Set down each record below exactly as it stands. Pictures are not part of the copy.

[Web page caption snippets]
------

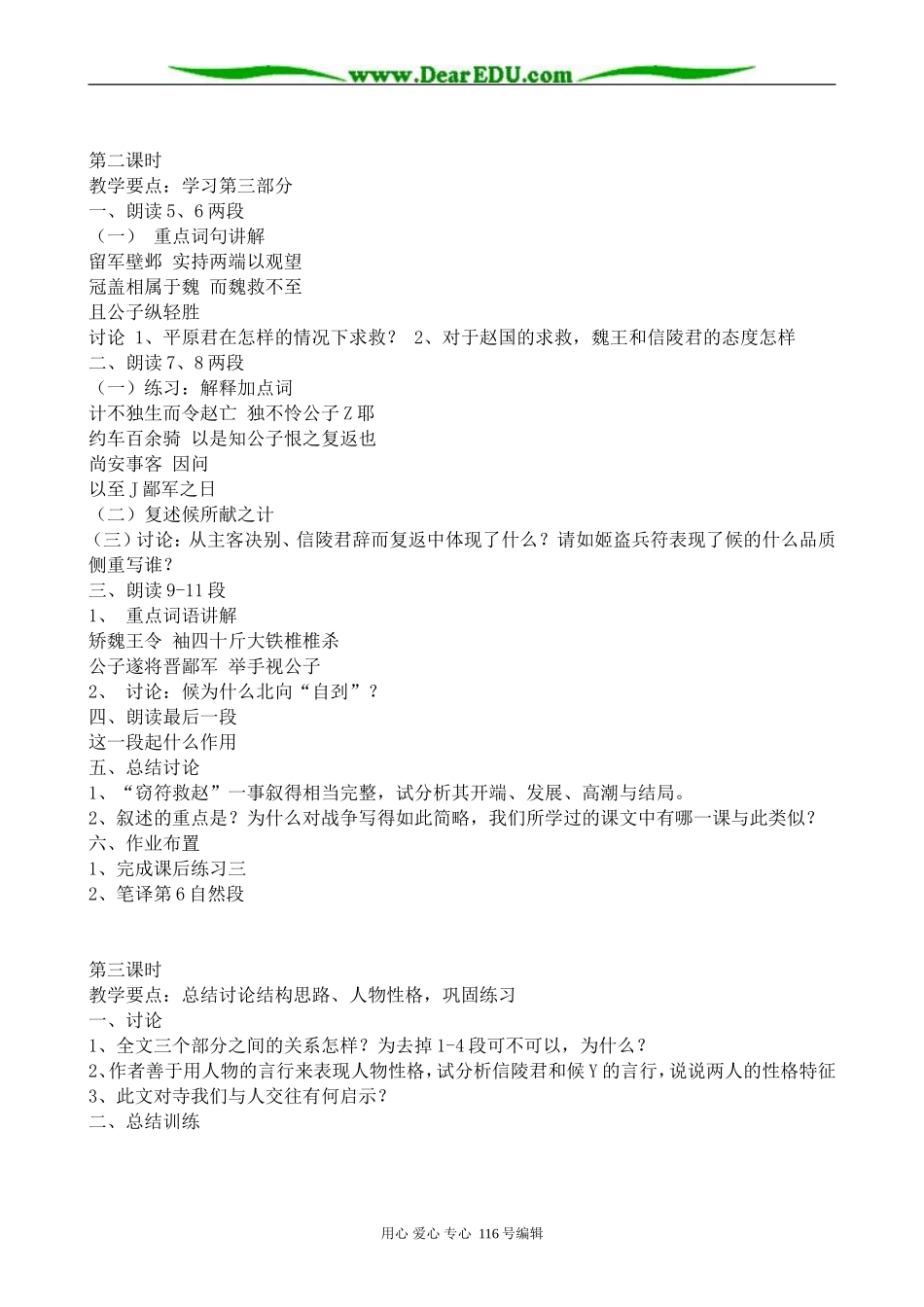 高中语文魏公子列传教案(3)苏教版 选修7_第2页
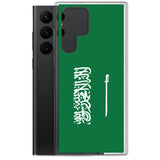 Coque téléphone drapeau de l’arabie saoudite - pixelforma
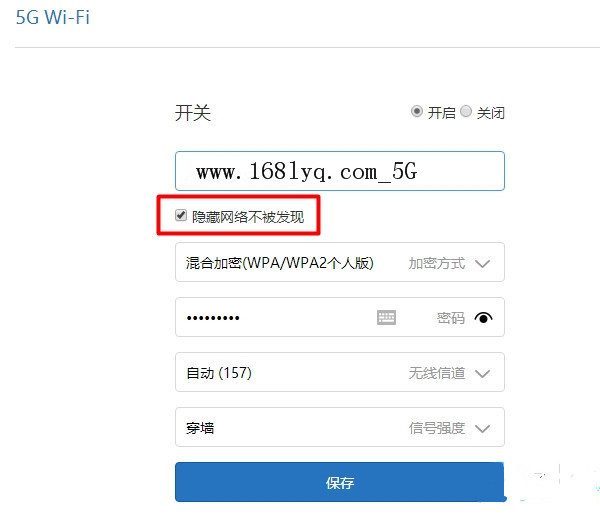 小米路由器隐藏wifi怎么设置?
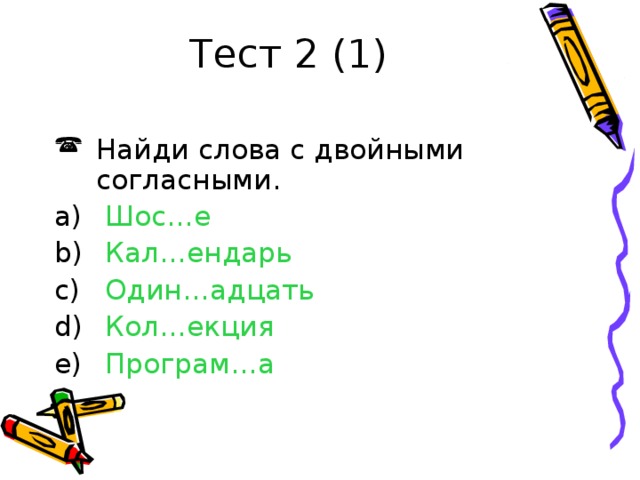 Презентация слова с удвоенной согласной 1 класс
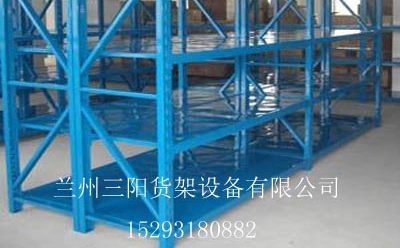 定西重型层板式货架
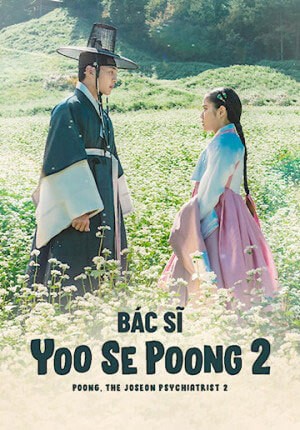 Poster phim Bác sĩ Yoo Se Poong phần 2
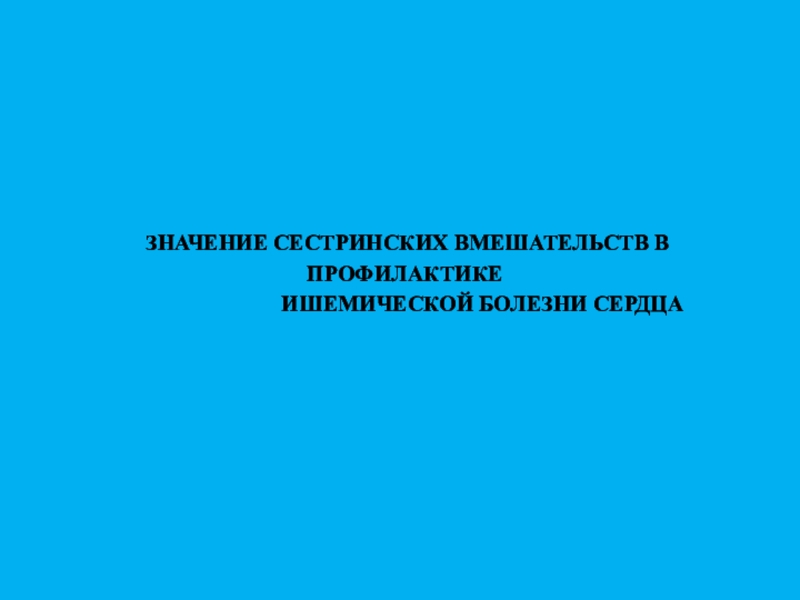 ЗНАЧЕНИЕ СЕСТРИНСКИХ ВМЕШАТЕЛЬСТВ В ПРОФИЛАКТИКЕ ИШЕМИЧЕСКОЙ БОЛЕЗНИ СЕРДЦА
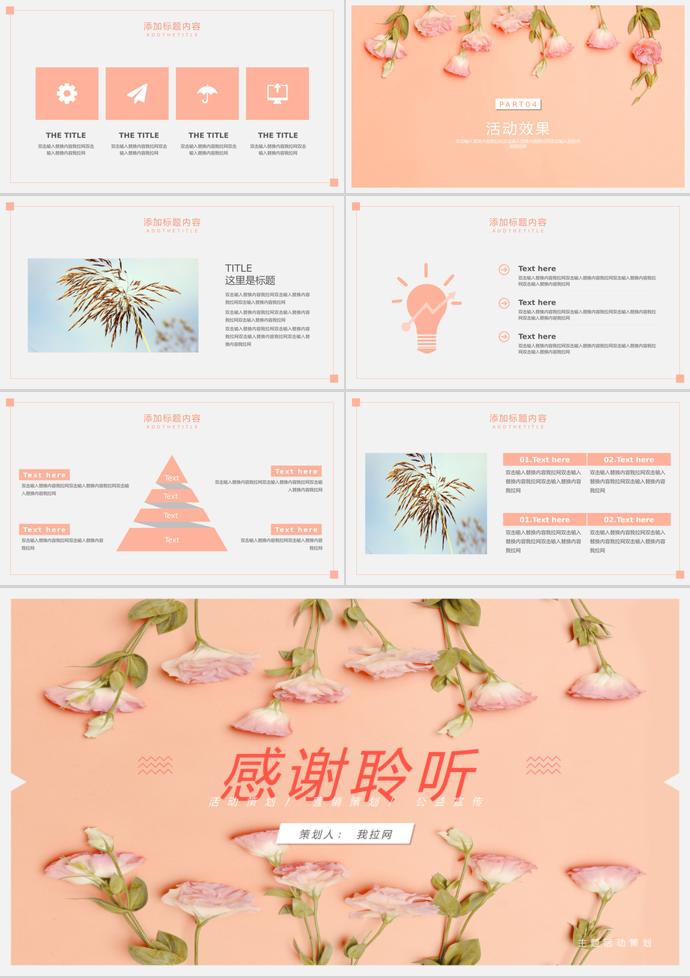粉色系簡約清新母親節(jié)活動(dòng)策劃ppt模板-2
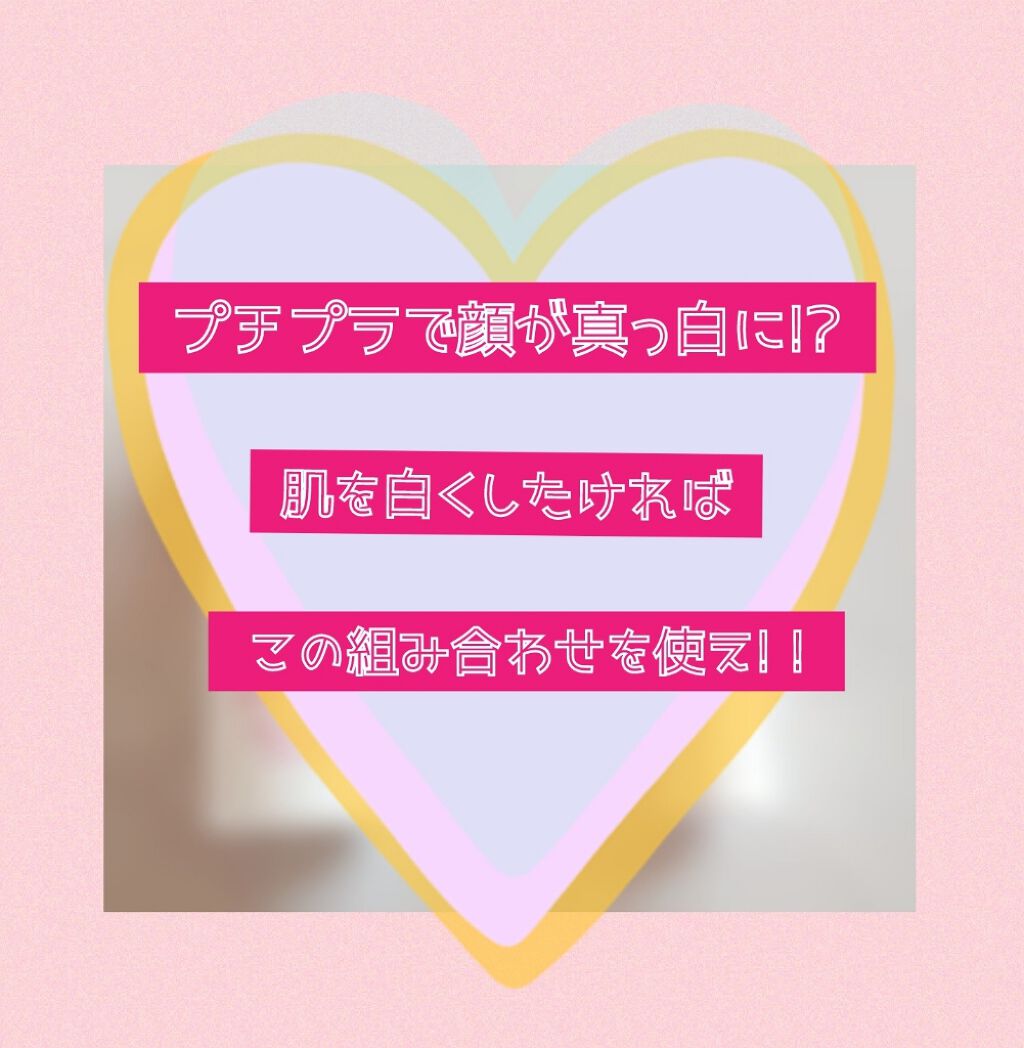 純白専科 すっぴん白雪美容液(専科 薬用美白クリーム)/SENKA(専科)/美容液を使ったクチコミ(1枚目)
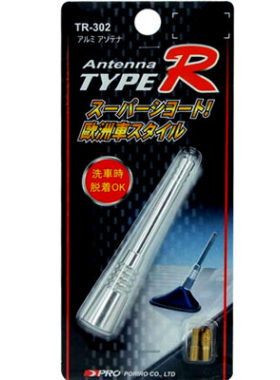 TYPE-R/太普儿 TR-302 尾文字R汽车装饰天线(银)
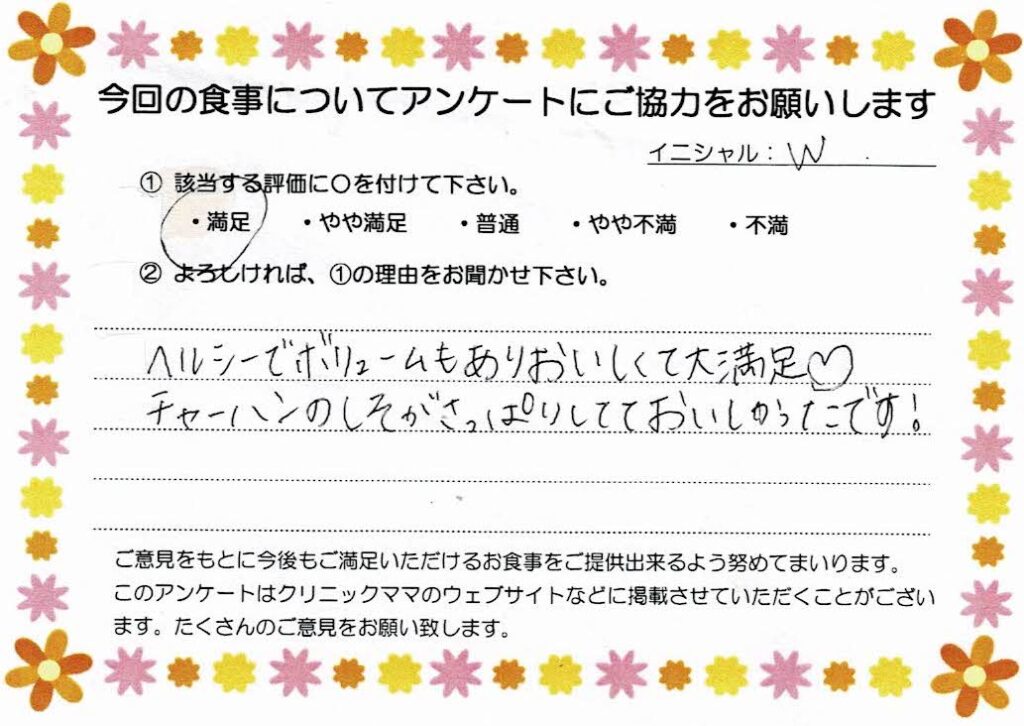 入院中のお食事に対するご感想 画像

------

> _EXERCISE RESULT_:
 高中语文魏公子列传教案(3)苏教版 选修7_第2页
 Coque téléphone drapeau de l’arabie saoudite - pixelforma
 小米路由器隐藏wifi怎么设置?
 Презентация слова с удвоенной согласной 1 класс
 定西重型层板式货架
 Poster phim Bác sĩ Yoo Se Poong phần 2
 ЗНАЧЕНИЕ СЕСТРИНСКИХ ВМЕШАТЕЛЬСТВ В ПРОФИЛАКТИКЕ ИШЕМИЧЕСКОЙ БОЛЕЗНИ СЕРДЦА
粉色系簡約清新母親節(jié)活動(dòng)策劃ppt模板-2
 純白専科 すっぴん白雪美容液(専科 薬用美白クリーム)/SENKA(専科)/美容液を使ったクチコミ(1枚目)
 TYPE-R/太普儿 TR-302 尾文字R汽车装饰天线(银)
 入院中のお食事に対するご感想 画像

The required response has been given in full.